Angela Duckworth, aynı yaşta aynı özelliklerde piyano öğrenmeye başlayan iki çocuğun hikayesini anlatıyor. Bunlardan biri sadece piyanoda ısrar ederken, diğeri aynı zamanda saksafon ve çelloya da başlamış. İkinci çocuk elbette daha çok eğlenmiş çünkü yeni şeyler keyif verir ama piyano çalmayı birinci çocuk öğrenmiş. Duckworth, Harvard’ta beraber okuduğu okul arkadaşlarının okul sonrası hayat maceralarını da takip ederek, bilimsel araştırmasına malzeme yapmış. En başarılı olanların bir amaç seçerek, onda sabit kalanlar olduğunu yıllar içinde görmüş. Diğerleri ise yıllar yıllar boyunca ne yapmak istediklerinin ne olmak istediklerinin arayışına devam ettikleri için bir arpa boyu yol alamamışlar. “Elbette onlar da diğerleri kadar zeki ve yetenekli öğrencilerdi. Ama durmadan planlarını değiştirdikleri ve hiçbirinde sebat göstermedikleri için hiçbir şeyde başarılı olmalarına yetecek süre kadar kalamıyorlardı.

Olmak mı yapmak mı?

ünlü bir yazar söyleşisi hayal edin. Soru kısmında o kaçınılmaz soru geliyor bir kız öğrenciden; “Yazar olmak istiyorum, ne önerirsiniz?”. Bu klişe soruya çoğu zaman aynı klişelikteki bir yanıt gelir: “Okumak, okumak, çok okumak…”

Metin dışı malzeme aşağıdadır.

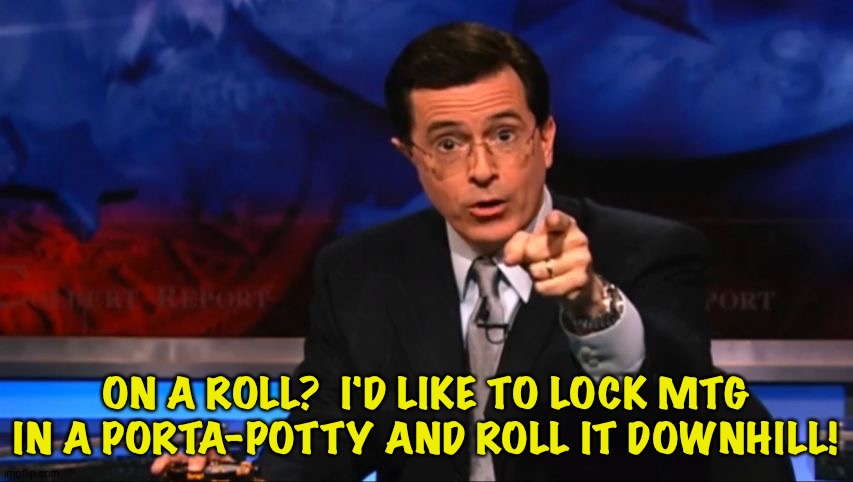 Politically Incorrect Colbert | ON A ROLL?  I'D LIKE TO LOCK MTG IN A PORTA-POTTY AND ROLL IT DOWNHILL! | image tagged in politically incorrect colbert | made w/ Imgflip meme maker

“Yazar olmak istiyorum, ne önerirsiniz?” diye soranlara İhsan Oktay Anar gibi cins bir yazarın vereceği yanıt ise kısaca şu olur: “Yaz!”. Yazmak ekonomik, sosyal, sınıfsal, politik güç, ortam gerektiren bir iş değil. Eskiden bir kalem kağıda bakıyordu günümüzde ise basitçe bir bilgisayara…

İşte sorun da burada… Soruyu soran genç “yazmak” istemiyor, “yazar olmak” istiyor. Çünkü, o da çoğumuz gibi, “birşey olmayı”, ‘’bir şey yapmaya” tercih eden yanlış bir kültürün çocuğu. Çocukluğumuzdan itibaren, büyünce ne yapacağımız değil, ne olacağımız gerektiği öğretilir. Buna şartlandırılırız. Anne babalar çocuklarının ne yaptığı ile değil, ne olduğu ile (statü) övünür.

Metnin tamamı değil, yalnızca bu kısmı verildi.